GIVE MORE INCENTIVES TO PUBLIC SCHOOL
STUDENTS FROM HINTERLANDS -ANGARA

Senator Juan Edgardo "Sonny" Angara has appealed to the government to provide more incentives to public school students from the hinterlands to encourage them to finish school and reduce the high dropout rate.

Angara said despite the free education in public schools, there are other challenges that prevent these students from going to school on a regular basis.

Most of these students, he said, come from the poorest of the poor communities which are usually located in isolated islands or mountainous areas.

"The Department of Education, in cooperation with the the local governments, should identify the areas with high dropout rates and find out what has been causing such problem," the neophyte senator said.
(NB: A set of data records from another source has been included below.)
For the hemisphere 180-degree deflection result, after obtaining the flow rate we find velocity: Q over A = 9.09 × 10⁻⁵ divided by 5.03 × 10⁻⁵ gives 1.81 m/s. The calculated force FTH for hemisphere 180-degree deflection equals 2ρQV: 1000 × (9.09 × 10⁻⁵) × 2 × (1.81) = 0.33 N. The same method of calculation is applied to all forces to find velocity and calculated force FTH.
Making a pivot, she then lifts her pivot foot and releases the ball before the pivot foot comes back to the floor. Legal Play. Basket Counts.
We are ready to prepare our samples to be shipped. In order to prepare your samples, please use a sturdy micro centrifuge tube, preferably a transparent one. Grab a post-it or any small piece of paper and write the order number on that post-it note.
Angara, who was chair of the House of Representatives' Committee on Higher and Technical Education when he was a congressman, said he will propose an increase in the budget of the department for such an undertaking and urged the local governments concerned to also provide their share in giving incentives to these school children.

He pointed out that many of these students often have to trek long distances to reach their schools. Others have to cross rivers that are dangerous, especially during bad weather or with bamboo rafts floating downstream. Still others have to walk barefooted for several hours and on an empty stomach because they have no food at home.

"These factors are forcing students to stop from going to school," Angara exclaimed.

"Because of their difficult situation, most of these children and their parents feel that they need not finish school once they have learned how to read and write or when they think they have studied enough," he added.